A wide smile spreads over her face, that dimple flashing—the one that still makes my heart flutter.

She’s quiet for a beat, then says, almost carefully, “I got the notification from the patent office.”

That gets my full attention. I lower the laptop lid, turn to her completely.

“It came through. Official filing confirmation.”

I grin. “When?”

“Last week.” She holds my gaze. “You put my name on it,” she continues, voice steady but soft. “And Theo’s. Evenwhen we weren’t speaking. Even when you didn’t know if?—”

I reach for her hand, lace our fingers together. “The calibration was yours. The algorithm refinements were Theo’s.” I pause. “This doesn’t exist without you. Either of you. I wasn’t going to pretend otherwise just because my last name opens doors.”

She blinks rapidly, looking back out at the ice. When she speaks again, her voice carries weight. “That’s...that means a lot. That you did that even when you thought we were done.”

I pull her closer, press a kiss to her temple. She leans into me. “When you talk about the system, about the work, the color around you changes.”

I arch a brow. “Yeah?”

“It used to be steel blue threaded with silver,” she says quietly. “Controlled but tense, like you were always braced for impact. Like you were holding something back.”

“And now?”

“Now it’s just blue. Deep and steady and calm. No edges, no static.” She meets my eyes. “You found your frequency, Starboy.”

My throat tightens. I cup her face with my free hand, brush my thumb across her cheek. “Guess I finally did.”

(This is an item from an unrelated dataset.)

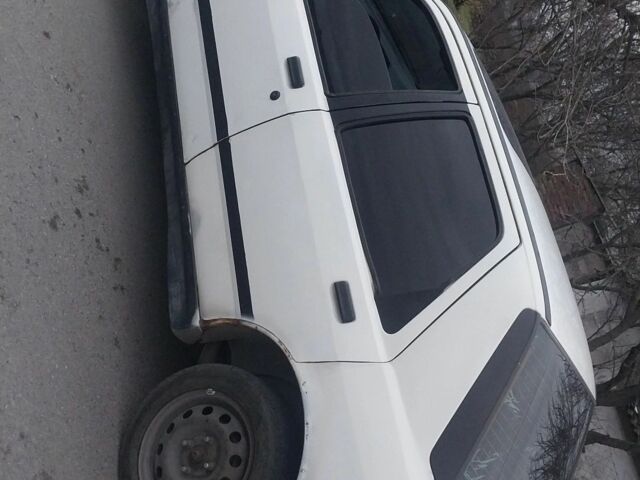 Белый Форд Другая, объемом двигателя 2 л и пробегом 120 тыс. км за 1021 $, фото 5 на Automoto.ua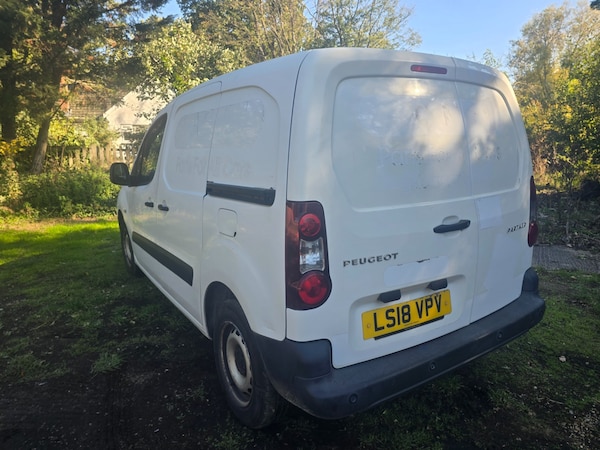 Used Peugeot Partner 2018 for sale - 76182408: Photo 4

On the ice, the drill shifts. Liam calls something sharp and the entire line adjusts in unison. The data updates, tracking the change, and I glance down to check the load distribution.

“You’re good at this,” Wren observes. “Reading the patterns. Seeing what’s coming before it happens.”

“It’s what I’ve always done,” I say. “I just stopped pretending it was instinct instead of analysis.” I smile. “Hockey was always math. I just needed permission to call it that.”